- Task statement -
The entries are to be given back verbatim; no picture is to be copied.

______

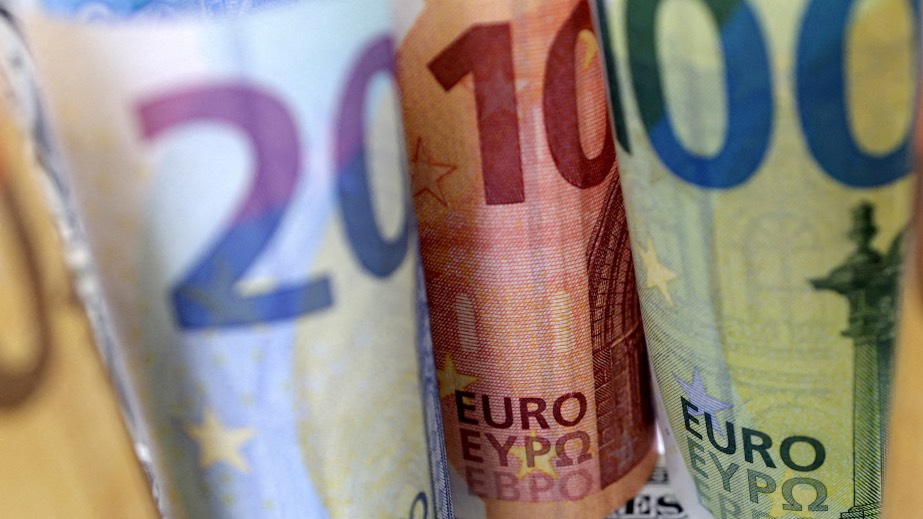 Experts say the euro is a second reserve currency after the U.S. dollar. /Dado Ruvic/Reuters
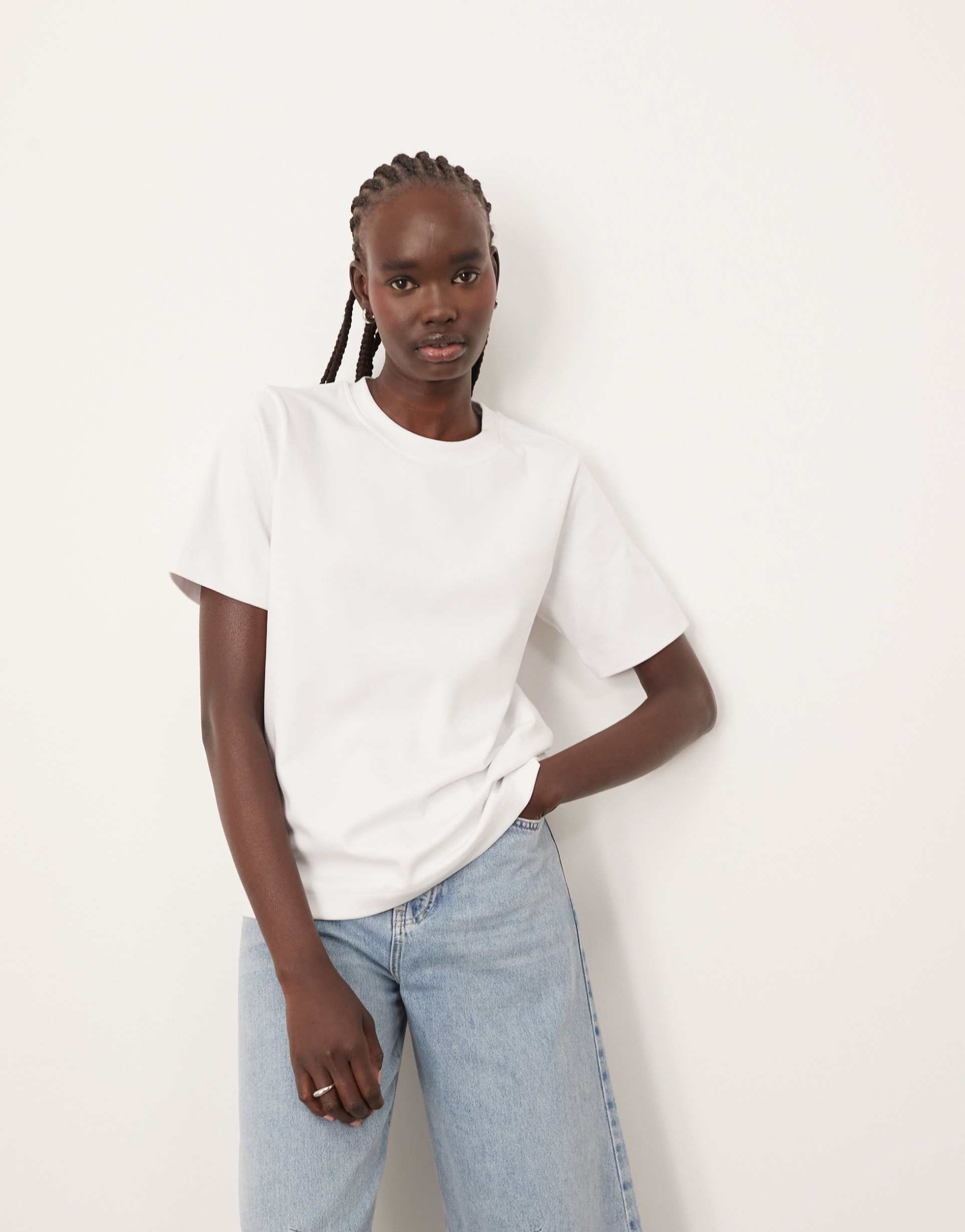 arrange clean cut regular t-shirt in white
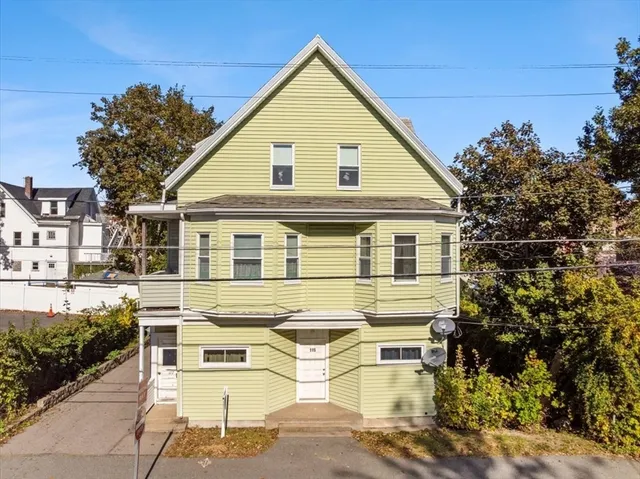 $899,900 | 115 Market Street, Brockton, MA 02301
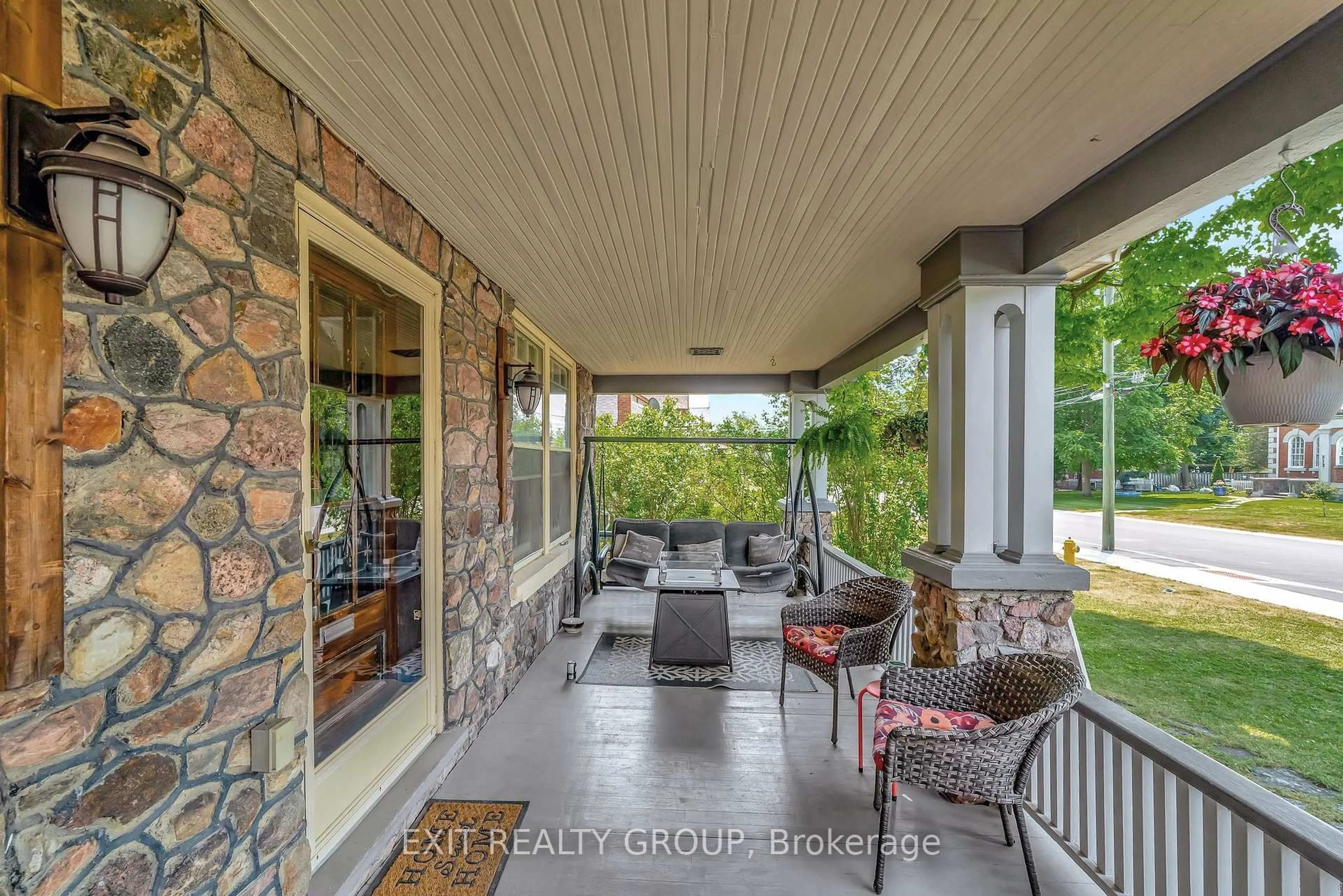 Patio, street for 219 East St, Greater Napanee Ontario K7R 1T2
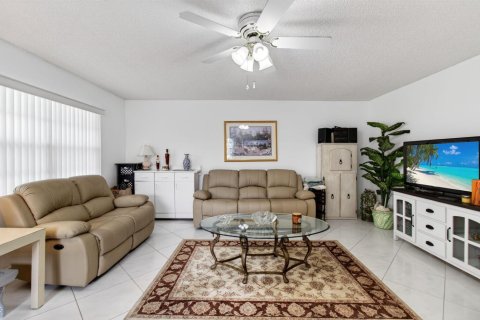Condo in Delray Beach, Florida, 2 bedrooms  № 2190887 - photo 18
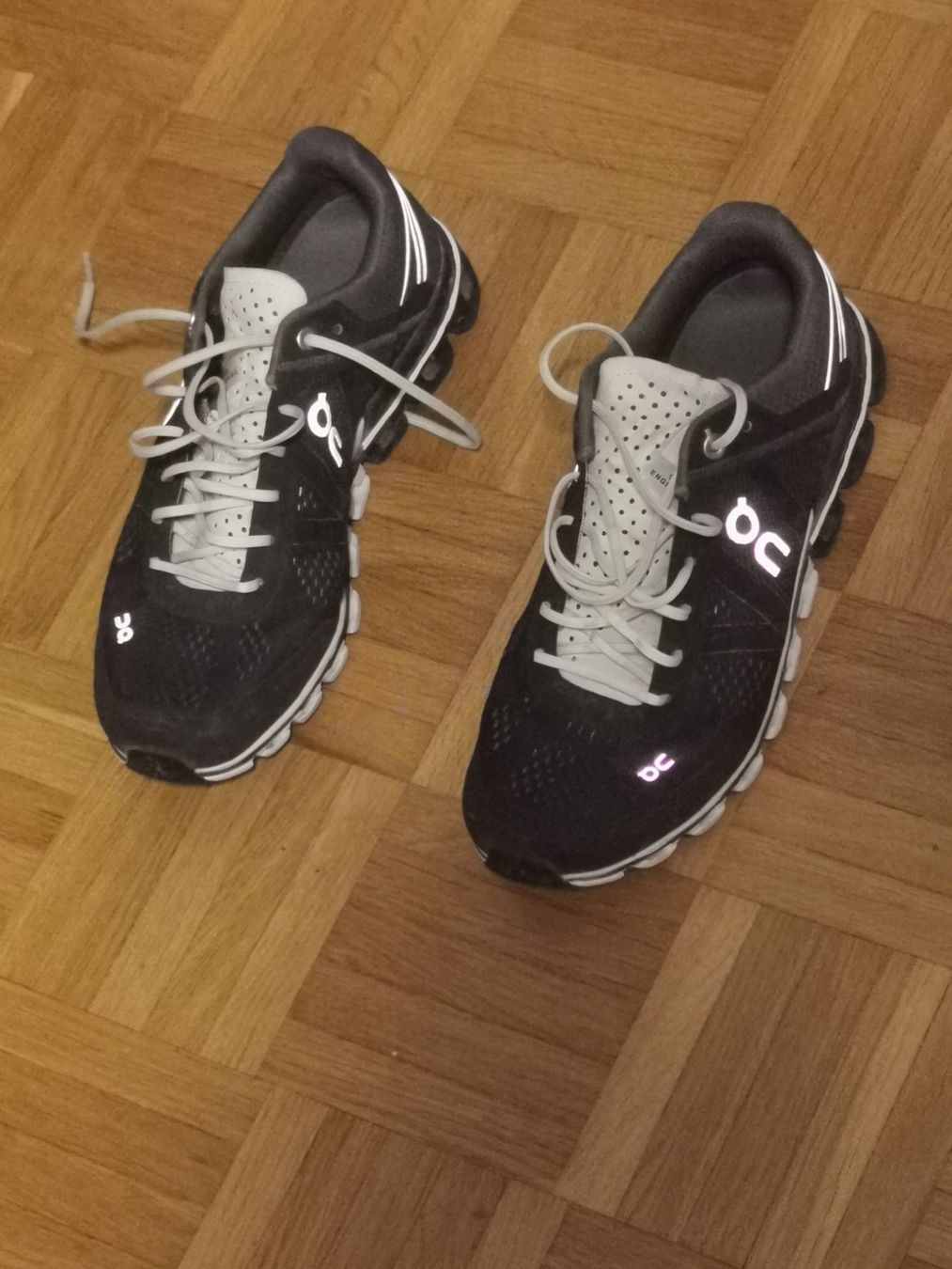 On Scarpe da uomo: On Schuhe 37.5 – Usato da Bern venduto da ged_ffx9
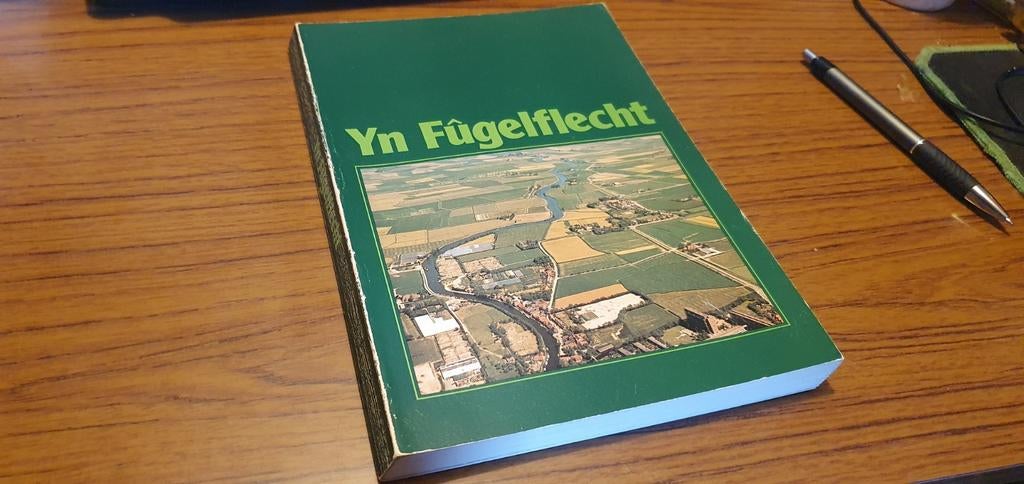 Yn Fûgelflecht Lekkum Miedum Snakkerburen - 1986, Ophalen of Verzenden, Gelezen, Meerdere auteurs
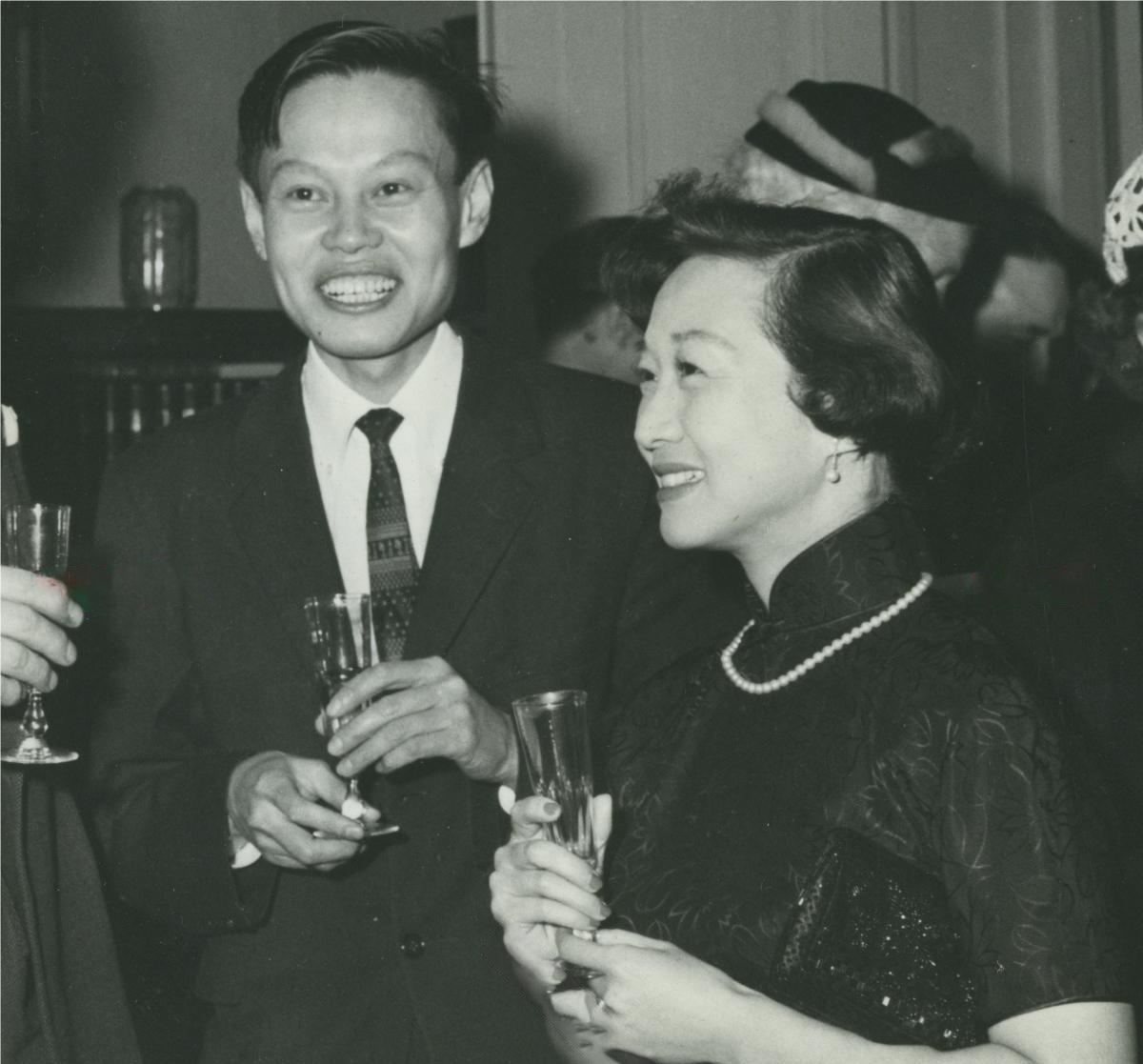 279759ee3d6d55fbb2fba780556d584a20a44623774f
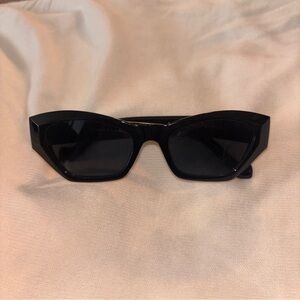 5/$25 funky cat eye sunglasses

______

- Answer to this exercise -
 Experts say the euro is a second reserve currency after the U.S. dollar. /Dado Ruvic/Reuters
 arrange clean cut regular t-shirt in white
 $899,900 | 115 Market Street, Brockton, MA 02301
 Patio, street for 219 East St, Greater Napanee Ontario K7R 1T2
Condo in Delray Beach, Florida, 2 bedrooms  № 2190887 - photo 18
 On Scarpe da uomo: On Schuhe 37.5 – Usato da Bern venduto da ged_ffx9
 Yn Fûgelflecht Lekkum Miedum Snakkerburen - 1986, Ophalen of Verzenden, Gelezen, Meerdere auteurs
 279759ee3d6d55fbb2fba780556d584a20a44623774f
 5/$25 funky cat eye sunglasses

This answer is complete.